Dans son journal privé, Eugène continuait à noter ses impressions du matin, comme il s’en rappelait. Il ne pouvait résister de noter son amusement à la vue du prêtre dominicain présent dans la salle d’audience, et dont l’inconfort était évident à mesure que son estomac vide gargouillait, et dont la figure devait avoir l’air d’une peinture quand Eugène fut appelé avant lui chez le Pape !
Je n’entreprendrai pas de transcrire tout ce qui s’est passé dans cette précieuse audience qui dura plus d’une demi-heure, au grand regret sans doute du père Dominicain qui n’avait pas dîné, non plus que moi qui étais à jeun.
Son expérience de la personne du Pape en fut une de bonté indescriptible.

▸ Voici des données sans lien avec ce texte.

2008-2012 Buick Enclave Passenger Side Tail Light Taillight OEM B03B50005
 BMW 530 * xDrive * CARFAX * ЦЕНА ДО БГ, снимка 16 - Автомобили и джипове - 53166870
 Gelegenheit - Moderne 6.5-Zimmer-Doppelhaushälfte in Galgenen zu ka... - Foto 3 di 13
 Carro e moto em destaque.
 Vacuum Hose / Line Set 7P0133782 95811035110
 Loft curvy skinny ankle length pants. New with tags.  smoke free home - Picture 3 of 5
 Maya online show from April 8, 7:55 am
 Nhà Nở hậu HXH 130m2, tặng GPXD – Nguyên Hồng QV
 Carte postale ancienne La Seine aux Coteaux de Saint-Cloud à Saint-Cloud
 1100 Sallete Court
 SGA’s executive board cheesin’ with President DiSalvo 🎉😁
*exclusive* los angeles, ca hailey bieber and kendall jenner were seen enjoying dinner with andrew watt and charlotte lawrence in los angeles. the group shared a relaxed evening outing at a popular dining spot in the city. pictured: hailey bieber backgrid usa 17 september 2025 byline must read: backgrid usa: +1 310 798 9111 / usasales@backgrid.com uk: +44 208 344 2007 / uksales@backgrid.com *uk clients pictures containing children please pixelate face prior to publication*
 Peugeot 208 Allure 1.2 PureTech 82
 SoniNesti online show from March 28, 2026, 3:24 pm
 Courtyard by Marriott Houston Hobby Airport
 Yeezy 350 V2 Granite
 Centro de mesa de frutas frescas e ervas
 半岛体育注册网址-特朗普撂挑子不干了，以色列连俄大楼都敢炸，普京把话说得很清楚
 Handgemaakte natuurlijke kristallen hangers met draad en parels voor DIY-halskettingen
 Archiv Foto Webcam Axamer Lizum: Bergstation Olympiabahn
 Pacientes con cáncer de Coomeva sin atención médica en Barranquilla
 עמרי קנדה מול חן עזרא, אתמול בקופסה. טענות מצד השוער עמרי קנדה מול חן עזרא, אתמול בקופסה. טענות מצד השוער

Le pape me témoigna une bonté indicible. Il parla très longtemps, et il m’écoutait avec une grande attention quand je parlais à mon tour. La conversation avait lieu en italien, et il me parlait toujours à la troisième personne, dans les termes les plus polis. Il daigna me donner des explications très détaillées là où il aurait pu trancher par un mot.
Journal romain, 20 décembre 1825, EO XVII
À Henri Tempier il confiait :
Il me serait impossible de vous rapporter tout ce qui fut dit, moins encore de vous rendre la bonté, la complaisance, la politesse du souverain Pontife. J’étais à genoux à côté de lui. Plusieurs fois il me fit des instances pour que je me levasse; je ne le voulus pas, j’étais bien à ses pieds; d’ailleurs je m’appuyais contre le bureau. Je serais resté plus longtemps dans cette position sans en être incommodé..
Lettre à Henri Tempier, 22 décembre 1825, EO VI n 213
« La bonté est le langage que le sourd peut entendre et l’aveugle peut voir. » Mark Twain
20 décembre 1825 – Journal romain
La rencontre avec le Pape va se prolonger au-delà d’une demi-heure. « Au grand regret sans doute du père Dominicain qui n’avait pas dîné, non plus que moi qui étais à jeun. » note plaisamment Eugène.
S’il parle abondamment, le Souverain Pontife sait aussi faire montre d’une grande attention aux propos de son interlocuteur. Eugène est séduit par «la bonté, la complaisance, la politesse » du Pape qui s’exprime en italien et « toujours à la troisième personne ». Détail qui m’a fait sursauter. J’ai appris que cette tournure est généralement employée pour parler de soi en tant que titulaire d’une fonction qui transcende la personne. Rien de plus normal donc lorsqu’il s’agit du Vicaire de Jésus Christ !
Deux jours plus tard, réflexions tout aussi heureuses dans la lettre à Henri Tempier. Avec quelques petits détails supplémentaires qui ajoutent à l’atmosphère chaleureuse. « J’étais à genoux à côté de lui. Plusieurs fois il me fit des instances pour que je me levasse; je ne le voulus pas, j’étais bien à ses pieds… » « D’ailleurs, se justifie Eugène, je m’appuyais contre le bureau. Je serais resté plus longtemps dans cette position sans en être incommodé… »
Le style dégagé ne montre-t-il pas un Eugène de Mazenod allégé d’un grand souci ? Cette audience obtenue à force de persévérance semble bien présager de l’avenir des Missionnaires Oblats de Marie Immaculée.